#### Data to examine

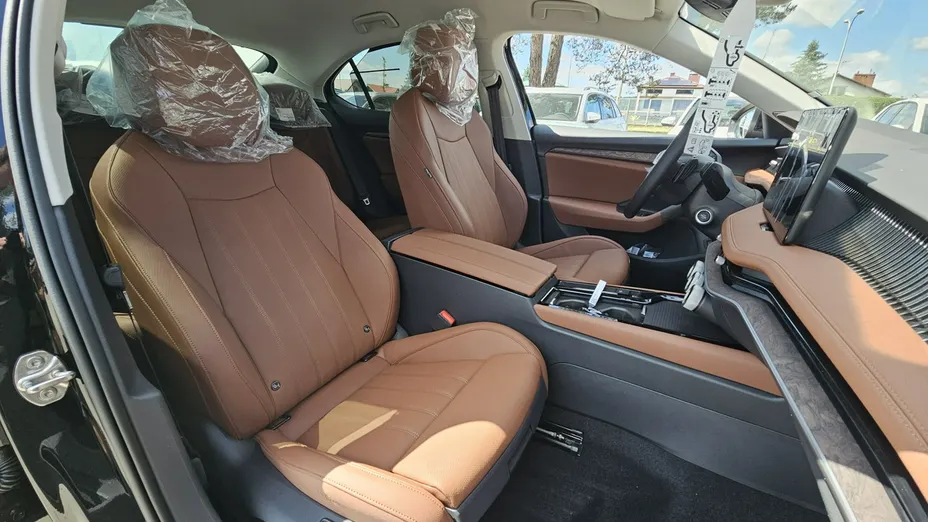 SKODA Superb -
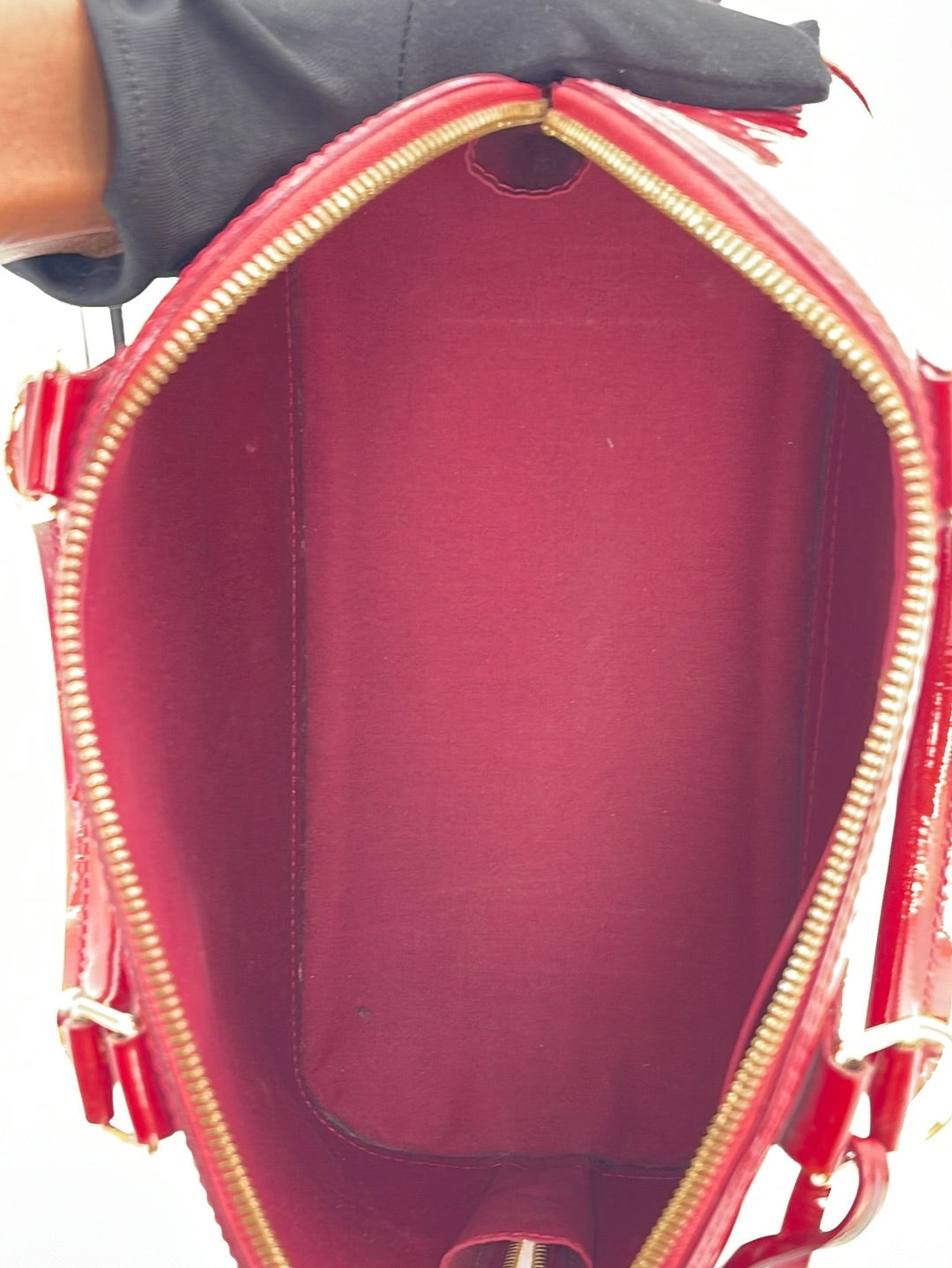 PRELOVED Louis Vuitton Red Monogram Vernis Alma PM Bag SN2163 070523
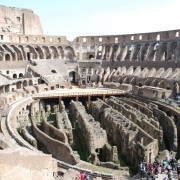 Colosseum: Tour with Live Guide in French
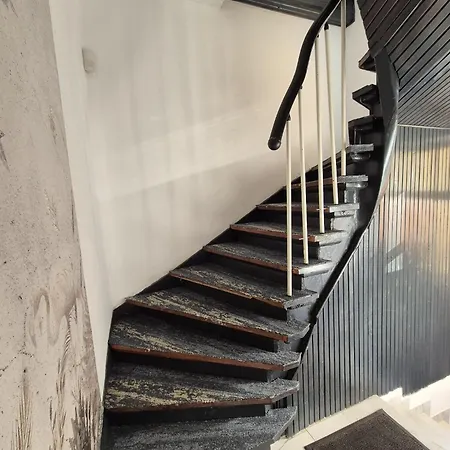 Apartment Boutique Old 6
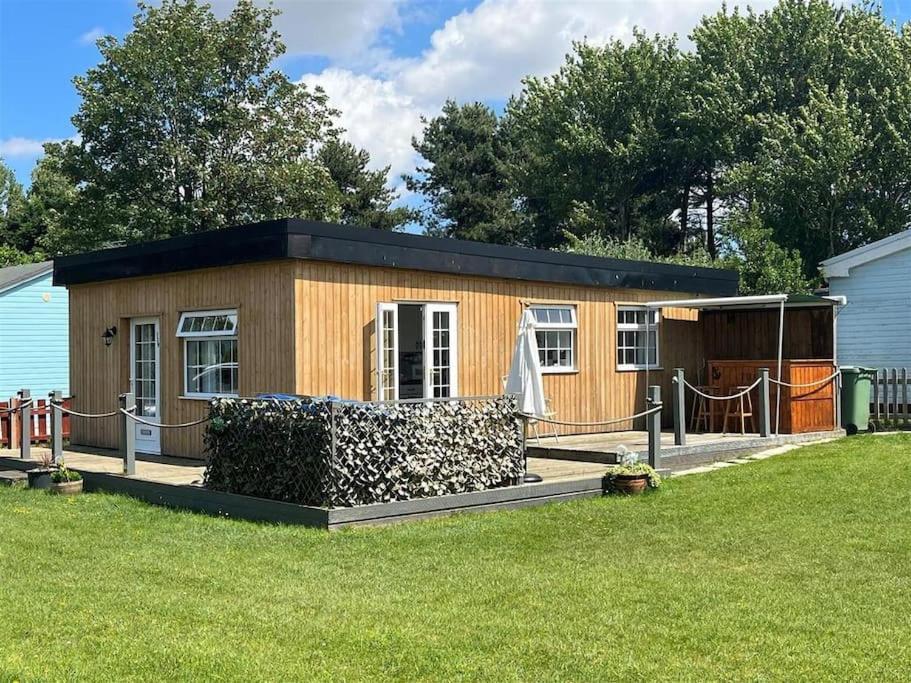 The Chalet By Hip Haus Humberston Zewnętrze zdjęcie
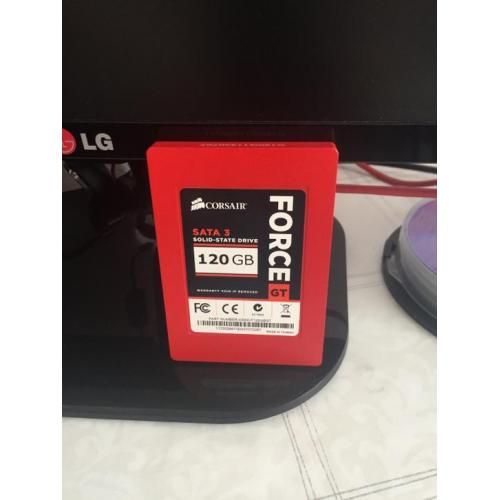 SSD Corsair Force GT 120GB.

########

Exercise requirements = When you repeat the data, keep it exact and drop every picture.

Completed exercise =
 SKODA Superb -
 PRELOVED Louis Vuitton Red Monogram Vernis Alma PM Bag SN2163 070523
 Colosseum: Tour with Live Guide in French
 Apartment Boutique Old 6
 The Chalet By Hip Haus Humberston Zewnętrze zdjęcie
 SSD Corsair Force GT 120GB.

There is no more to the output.